**Given information:**
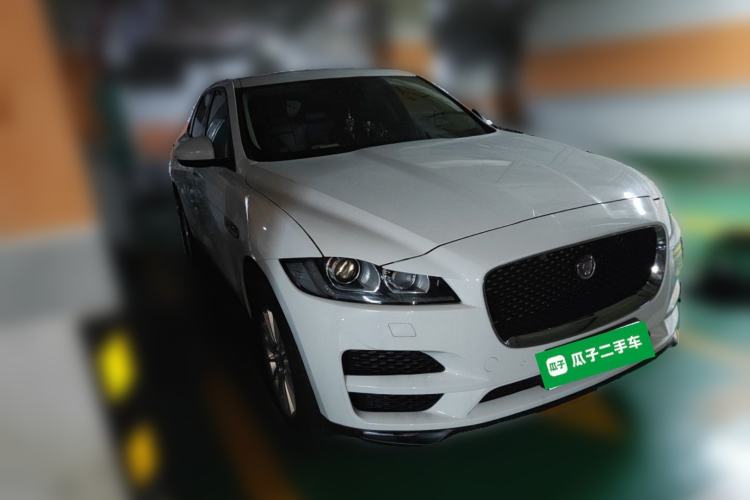 Used Jaguar F-PACE 2018 2.0T Four-Wheel Drive Urban Luxury Edition Front Right 45 Deg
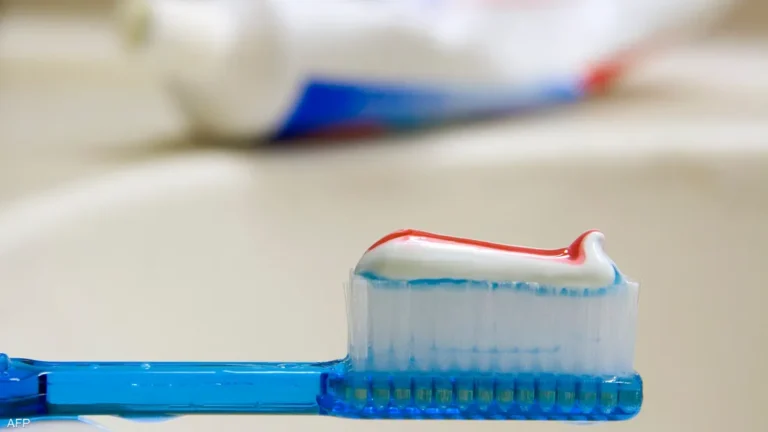 طبيبة أسنان تحذر.. لا تتجاهل هذه العلامة! – tooth paste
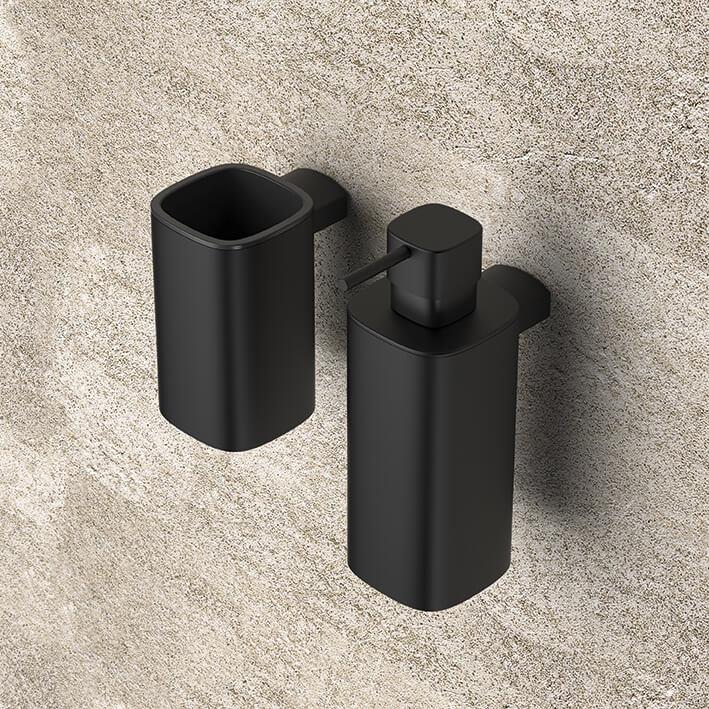 Bicchiere porta spazzolini ed erogatore sapone liquido nero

**Your assignment:** Exclude every picture and restate the listing word for word.

**Task solution:**
 Used Jaguar F-PACE 2018 2.0T Four-Wheel Drive Urban Luxury Edition Front Right 45 Deg
 طبيبة أسنان تحذر.. لا تتجاهل هذه العلامة! – tooth paste
 Bicchiere porta spazzolini ed erogatore sapone liquido nero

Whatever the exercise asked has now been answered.